何を踏んだのか、わからないのだ。いや、踏んだものが、ないのだ。
どれだけ探しても、ない。朝と同じように動き、足のあたりにあったであろうものを探す。しかし、足に怪我を負わせられるような、そんな代物はどこにもなかった。「踏んだ時、勢いでどっかに飛んでいっちゃったんじゃないの」母は、冷静にそう放った……。
「飛んでいった」。疑問は残るが、これで事件は終幕を迎えた……はずだった。後日、母が踏んで飛んでいったであろう物を拾い、持ってきた。小さな何かの破片だった。確かに尖っていて、ポテンシャルは十分だった。しかし、私は明らかに違うと断言できた。私に傷をつけたのは小さなものではない。
あの日、私は確かに一瞬浮いた。つまり、何か大きなものを踏み、それに乗ってしまった際、足に食い込んだのだ。傷を見ると小さく感じるが、私が踏んだ直後に感じていたのは「ポケモンのデンジュモクの頭を踏んだ!」だった。丁度家の外ではあるが、それに近しいものを持っていたため、それを踏んだと思ったのだ。ただ、勿論そんな危ないものが家の中、ましてや家族がよく通る場所に置かれているはずがなく……。この事件は迷宮入りした。
あの出来事から二ヶ月が経過した今でも考えたり、探してはいるが手がかりすら見つからない。「私があの日踏んだのはハリネズミなのではないか……?」そんなありえない考えすら頭をよぎってしまう。それとも、たまたま一瞬だけ異世界と繋がってしまっていて、異世界の何かを踏んだとか……。ファンタジー好きな私は、そこから何か物語に繋がらないかと内心ワクワクしていた。
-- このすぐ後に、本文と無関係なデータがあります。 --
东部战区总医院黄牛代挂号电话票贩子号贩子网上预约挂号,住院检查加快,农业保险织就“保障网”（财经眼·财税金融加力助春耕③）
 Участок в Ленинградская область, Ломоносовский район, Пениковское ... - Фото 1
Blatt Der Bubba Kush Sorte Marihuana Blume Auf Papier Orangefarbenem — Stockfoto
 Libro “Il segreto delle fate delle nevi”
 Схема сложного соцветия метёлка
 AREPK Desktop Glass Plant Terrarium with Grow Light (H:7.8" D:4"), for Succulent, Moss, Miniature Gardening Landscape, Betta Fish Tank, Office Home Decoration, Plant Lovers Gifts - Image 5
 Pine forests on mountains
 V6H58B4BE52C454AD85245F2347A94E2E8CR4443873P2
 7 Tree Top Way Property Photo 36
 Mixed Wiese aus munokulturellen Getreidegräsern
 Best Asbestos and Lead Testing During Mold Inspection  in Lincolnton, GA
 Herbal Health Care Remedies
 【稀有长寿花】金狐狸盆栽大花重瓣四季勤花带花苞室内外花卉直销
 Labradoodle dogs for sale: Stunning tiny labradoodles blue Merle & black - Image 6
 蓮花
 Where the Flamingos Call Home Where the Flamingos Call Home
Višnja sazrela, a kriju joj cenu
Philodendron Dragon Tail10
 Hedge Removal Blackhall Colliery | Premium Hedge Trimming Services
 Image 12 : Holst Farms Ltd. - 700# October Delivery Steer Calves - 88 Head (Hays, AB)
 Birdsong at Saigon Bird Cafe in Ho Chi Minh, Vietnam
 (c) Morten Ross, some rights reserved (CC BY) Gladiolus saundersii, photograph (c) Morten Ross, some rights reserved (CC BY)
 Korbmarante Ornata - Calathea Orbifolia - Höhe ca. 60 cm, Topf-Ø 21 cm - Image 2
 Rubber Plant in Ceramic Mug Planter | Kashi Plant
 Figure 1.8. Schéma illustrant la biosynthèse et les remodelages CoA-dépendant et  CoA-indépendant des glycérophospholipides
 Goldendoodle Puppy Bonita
が、未だに現実で卵を割るのを失敗して泣いたりだとか、行ったことのある図書館に行くのに迷子になってしまって泣いて帰ったりだとか、かと思えばこんな出来事を書くのにピッタリなコンテストを見つけたりだとかで騒々しく、逞しく暮らしている。そしてこれからも、こんな調子で現世で暮らしていくのだろう……。
そういえば、その1週間後くらいに今度は何もないところで箱のようなものにぶつかった気が……。